1 of 2 | The Supreme Court will hear arguments relating to a case over Trump Old Post Office LLC. reaching an agreement with the General Services Administration to purchase the former postal building. In 2016, Democrats on the House Oversight Committee, led by Rep. Elijah Cummings, requested lease documents and expense reports from the purchase made by the former president (pictured, 2022). File Photo by Bonnie Cash/UPI | License Photo
May 15 (UPI) -- The Supreme Court has agreed to hear oral arguments over whether Democrats can sue for records relating to a company owned by former President Donald Trump purchasing a Washington, D.C., post office and converting it into a luxury hotel.

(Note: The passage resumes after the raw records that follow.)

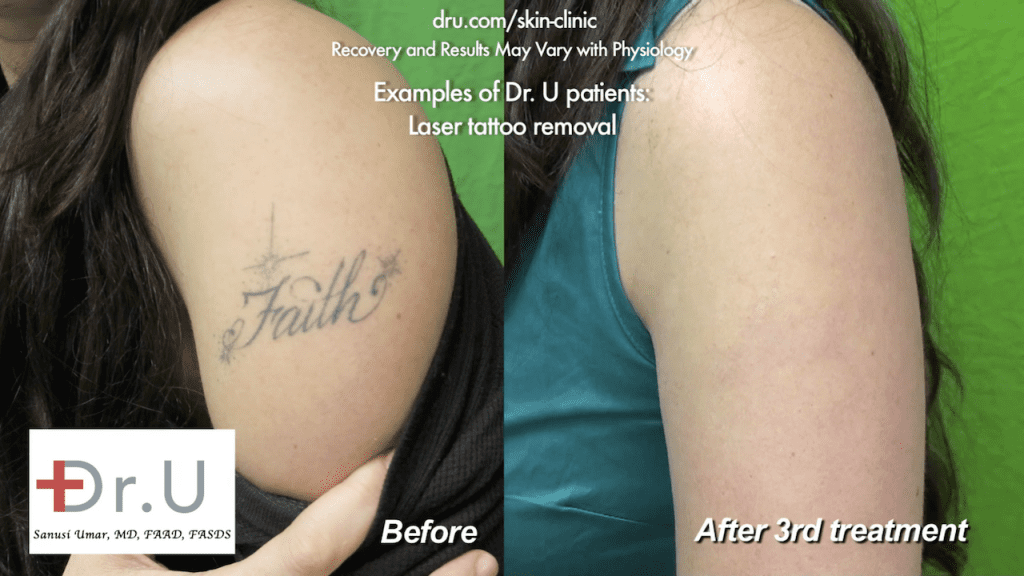 After three sessions of tattoo laser removal with Dr. Umar in Los Angeles, the patient happily shows off her ink-less arm. After three sessions of tattoo laser removal with Dr. Umar in Los Angeles, the patient happily shows off her ink-less arm.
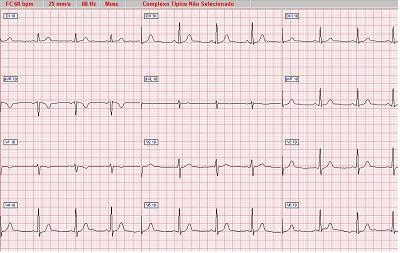 Distúrbios eletrocardiográficos Alterações nos padrões normais da atividade elétrica do coração costumam ser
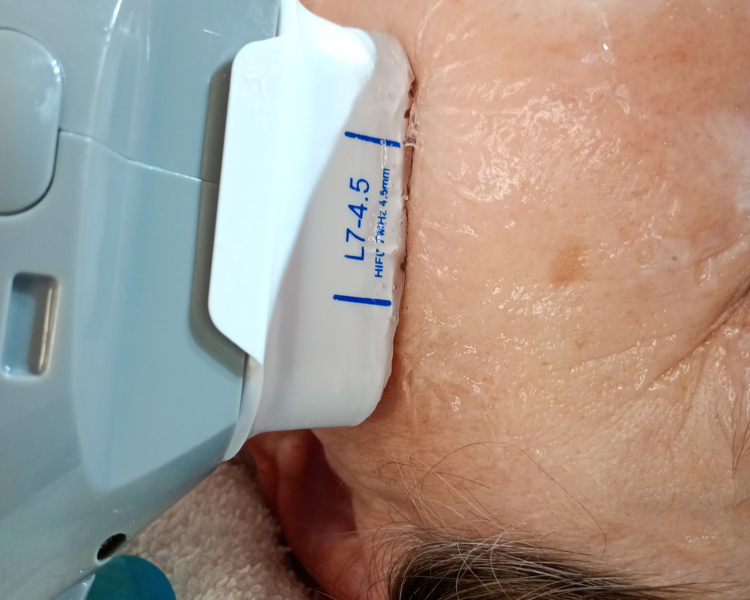 Hifu facial zona pequeña 
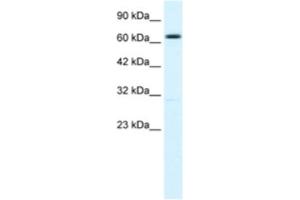 Western Blotting (WB) image for anti-Potassium Intermediate/small Conductance Calcium-Activated Channel, Subfamily N, Member 2 (KCNN2) antibody (ABIN2461098) (KCNN2 antibody)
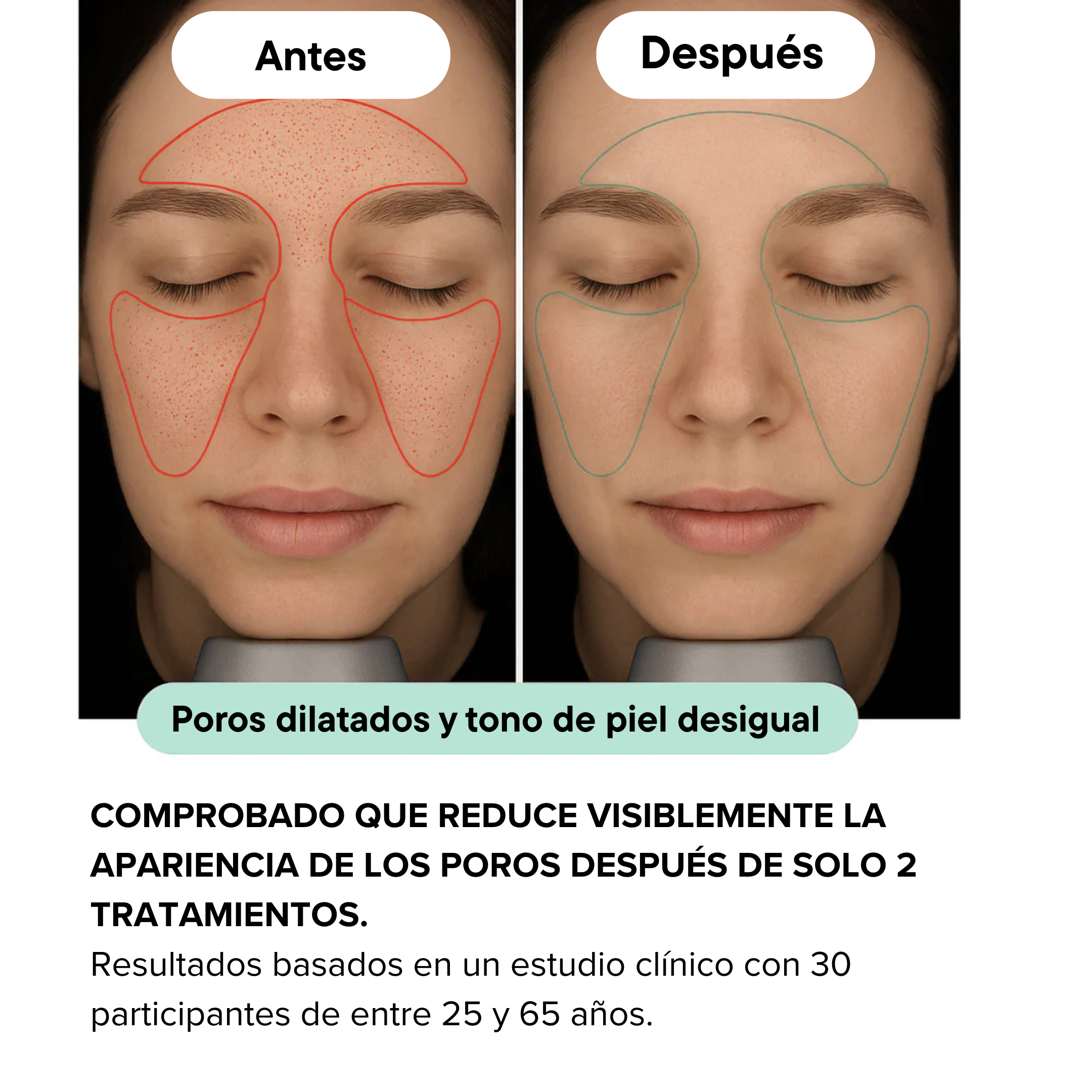 Sistema de Infusión Microneedling Anti-edad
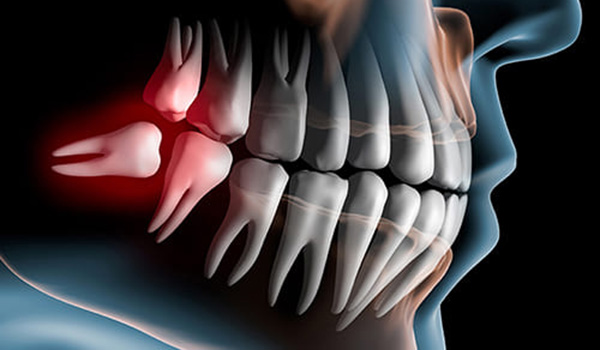 外苑前（東京）の歯医者、Angel総合歯科で歯科用CT精密診断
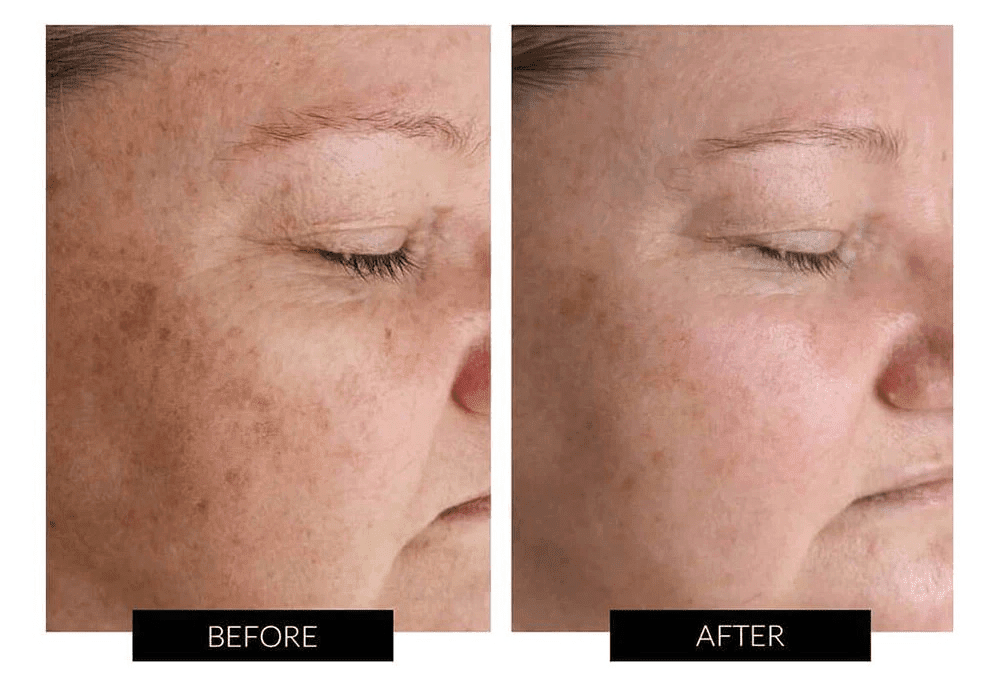 Understanding Melasma: And Exploring the Differences from General Pigmentation
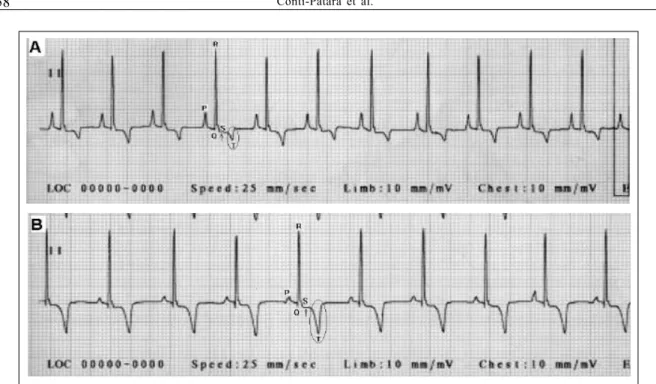 Figure 2 - A- An electrocardiogram with normal ST-segment and T-wave (DII, N, 25mm s -1 )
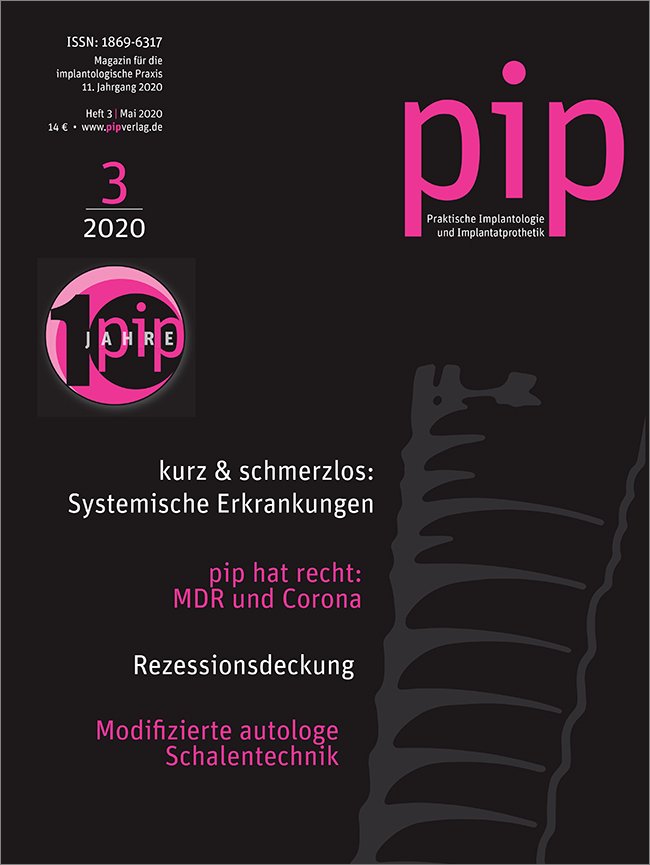 pip - Praktische Implantologie und Implantatprothetik, 3/2020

The arguments will be heard during the court's next term in the case of Carnahan v. Maloney, which raises the question of whether individual members of Congress can sue an executive agency for information requested under Section 2954. The next term begins in October.
Section 2954 states that the Committee on Government Operations of the House of Representatives, seven members of the committee, the Committee on Governmental Affairs of the Senate, or five members of that committee can request information from an executive agency.
The case stems from the Trump Old Post Office LLC. reaching an agreement with the General Services Administration to purchase the building. In 2016, Democrats on the House Oversight Committee, led by Rep. Elijah Cummings, requested lease documents and expense reports from the purchase.
The administration shared the unredacted documents in 2017, before declining a request for more information soon after. Democrats sued the General Services Administration, alleging that it violated the Freedom of Information Act.
If the Supreme Court weighs in on the case, it may further clarify the power of the minority party in the legislative branch to investigate the executive branch.
The case was tossed out in a lower court in 2020, and the U.S. Court of Appeals declined to rehear the case in 2022. Solicitor General Elizabeth Prelogar wrote in a court filing that the Supreme Court should not "referee" between branches of government, which would raise the "specter of judicial readiness to enlist on one side of a political tug-of-war."
Meanwhile, Trump's company sold the hotel last year. It has since reopened as a Waldorf Astoria hotel, owned by Hilton.